Directions. Retype the listing below line for line, but only from the line with "Used 2025 GMC Yukon Denali AWD/4WD image 12" down to the line with "Venezuela rallies to", inclusive. Pictures stay out.

Records provided.
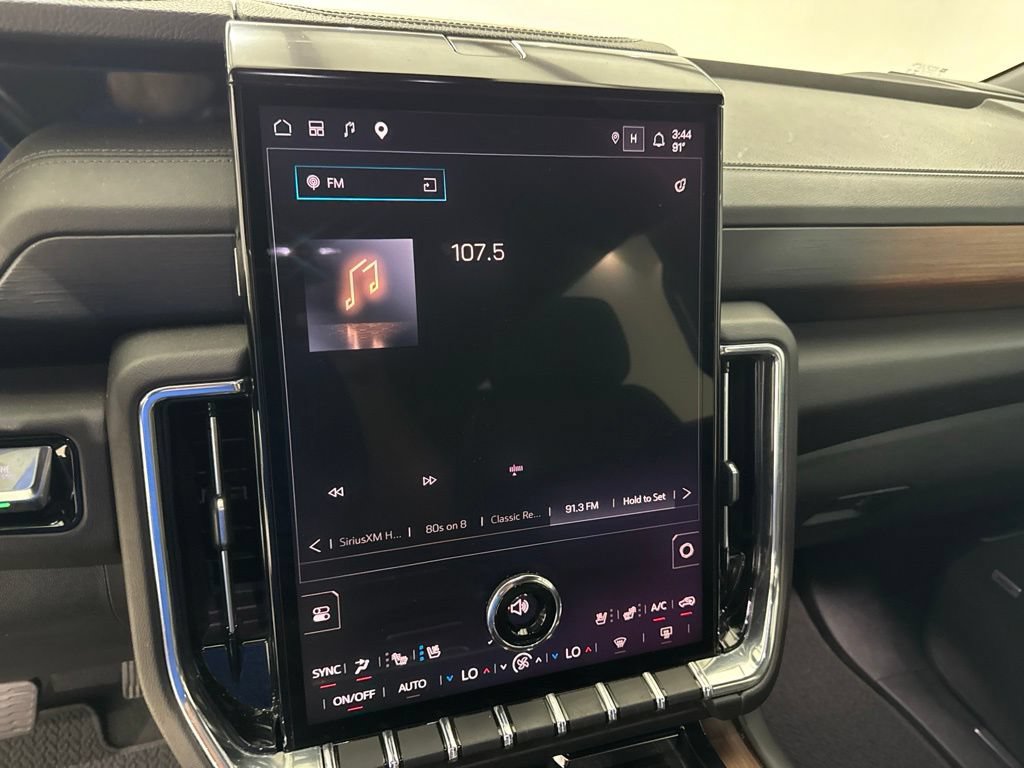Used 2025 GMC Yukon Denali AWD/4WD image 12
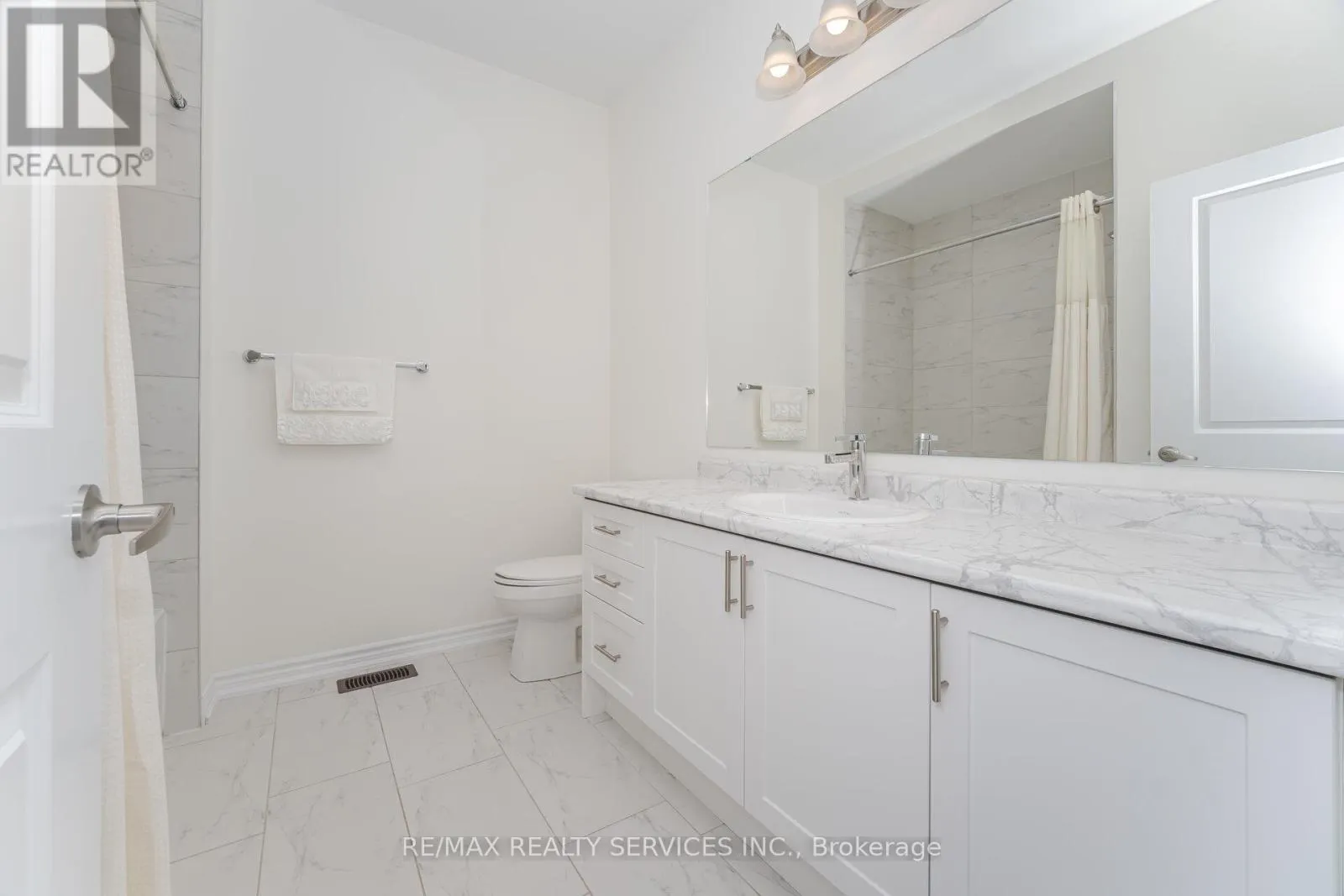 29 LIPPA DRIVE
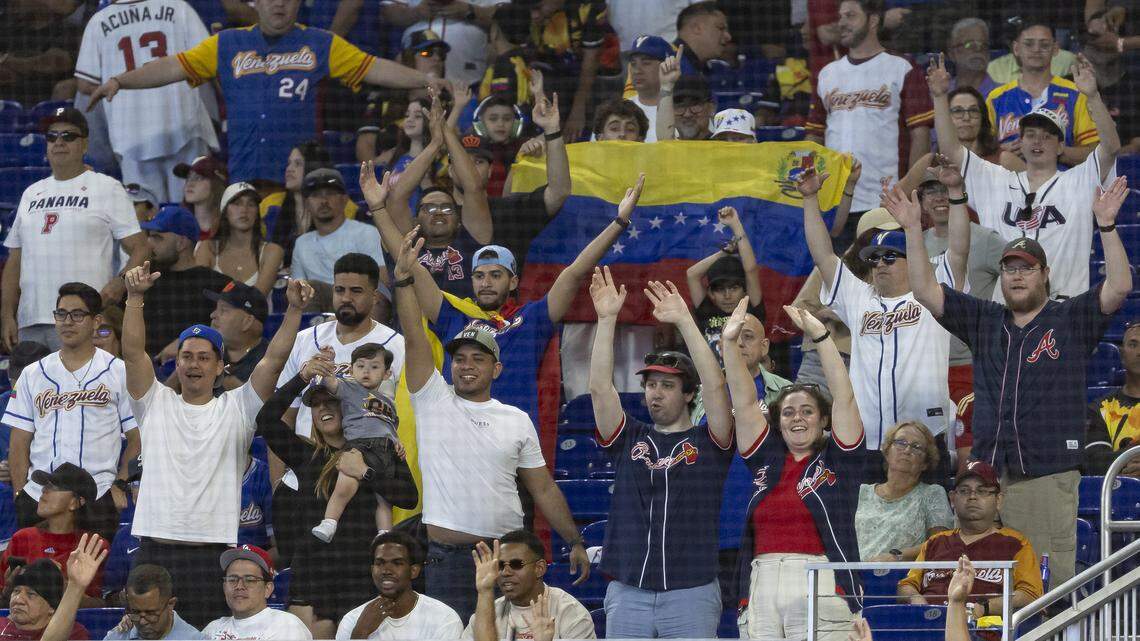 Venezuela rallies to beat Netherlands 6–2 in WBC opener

==

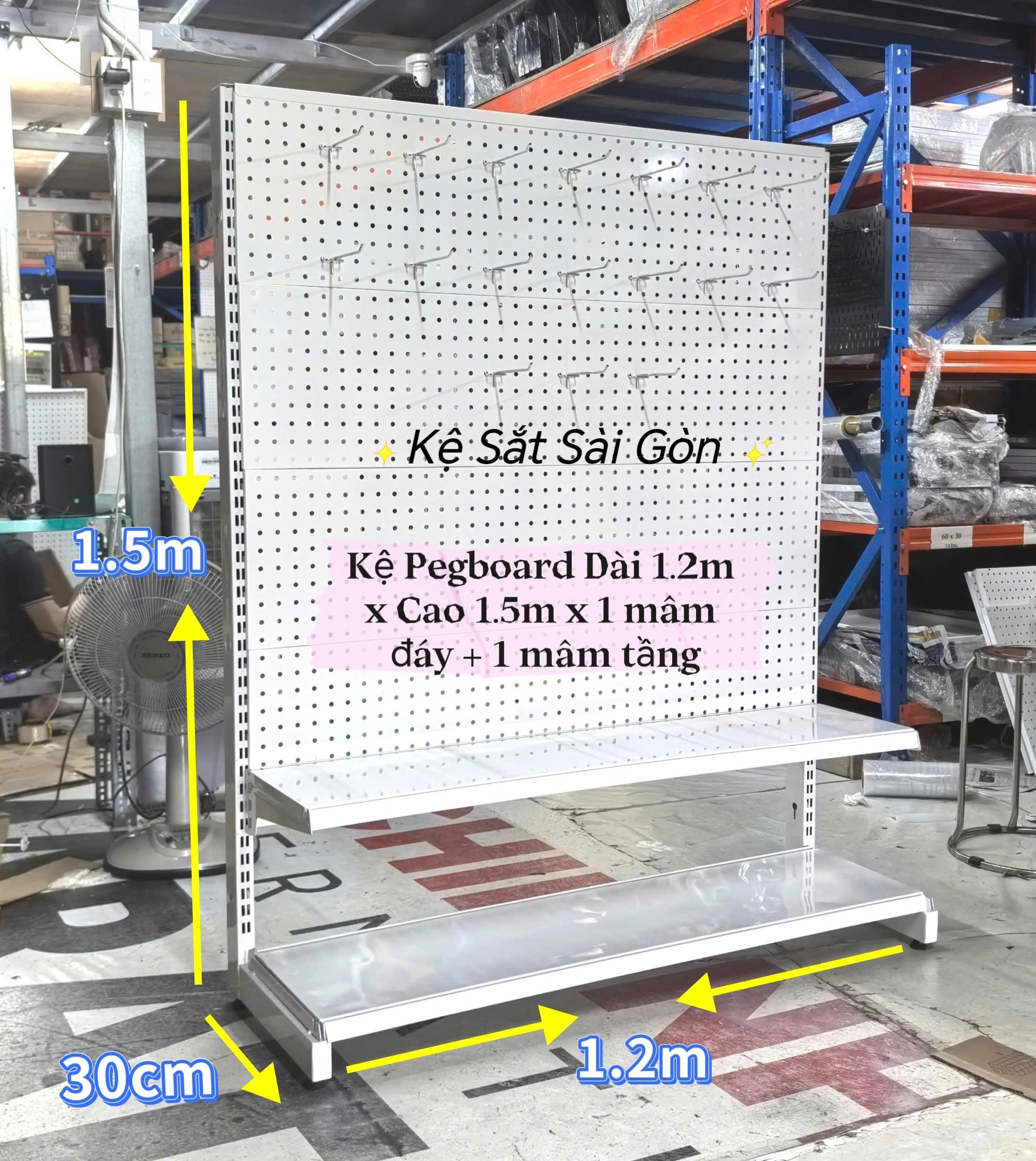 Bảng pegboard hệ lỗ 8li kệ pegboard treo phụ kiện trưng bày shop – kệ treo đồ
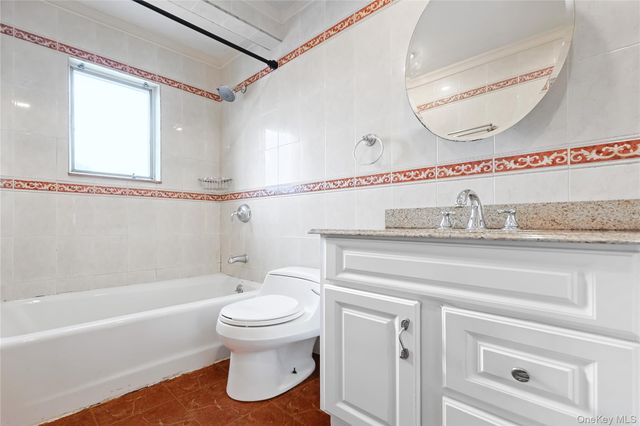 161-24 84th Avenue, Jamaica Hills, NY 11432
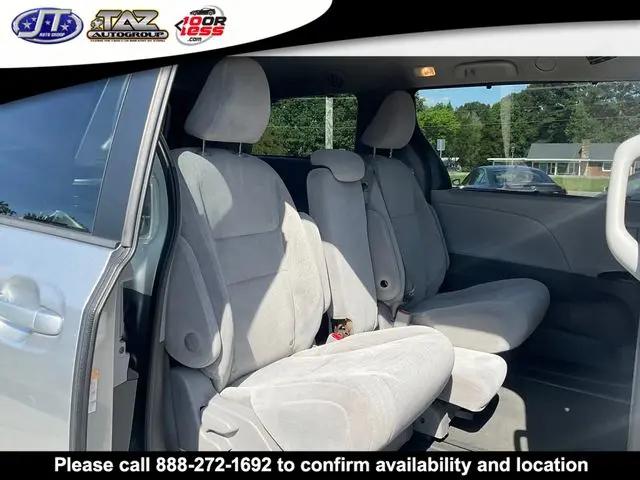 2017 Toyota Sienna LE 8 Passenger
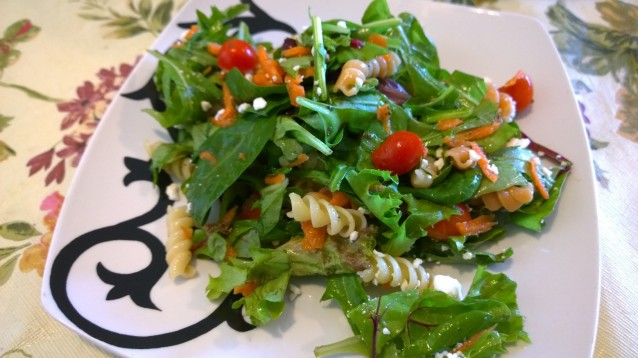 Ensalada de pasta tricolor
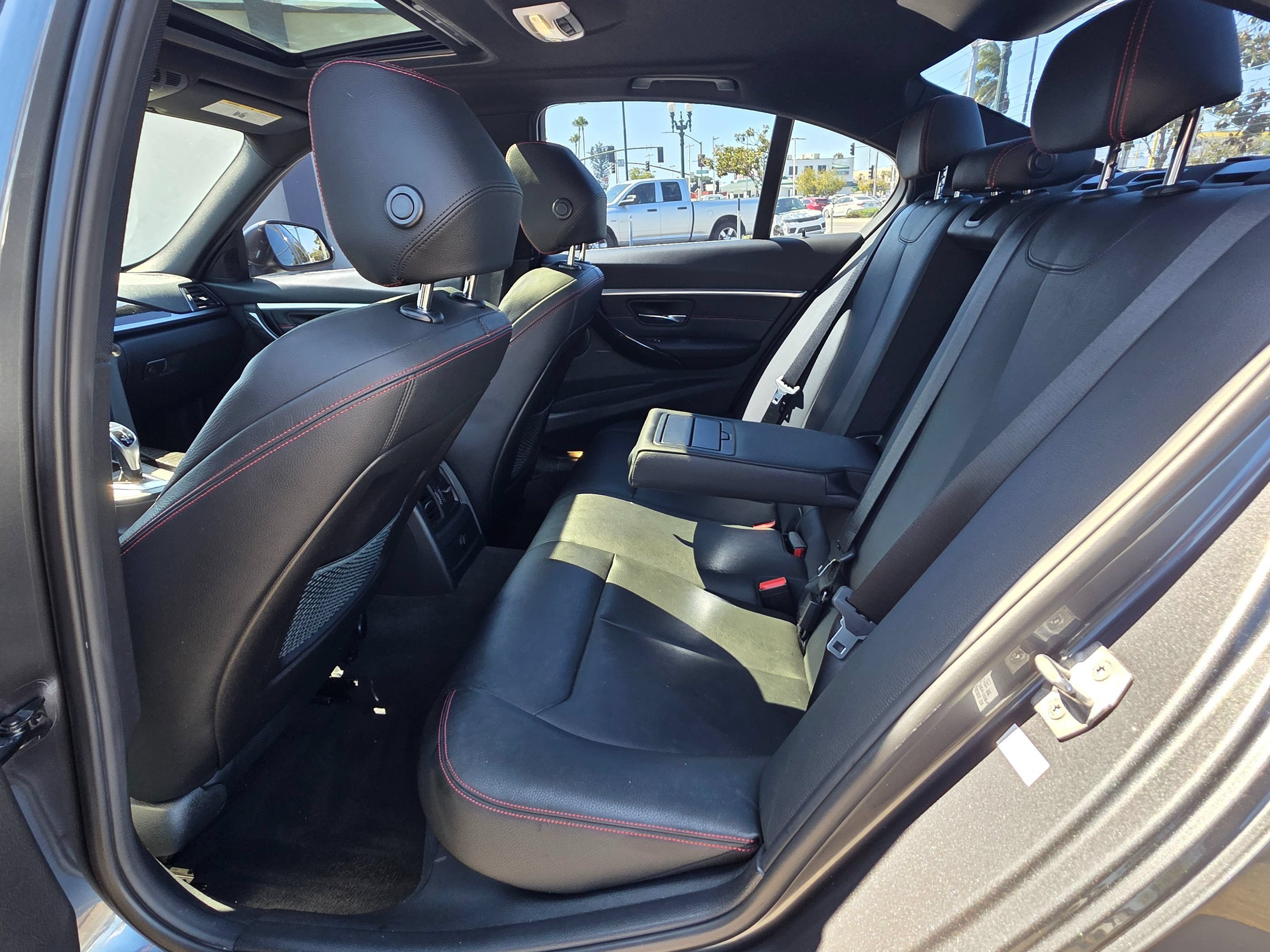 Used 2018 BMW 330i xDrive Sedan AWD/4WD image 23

Expected output.
Used 2025 GMC Yukon Denali AWD/4WD image 12
 29 LIPPA DRIVE
 Venezuela rallies to beat Netherlands 6–2 in WBC opener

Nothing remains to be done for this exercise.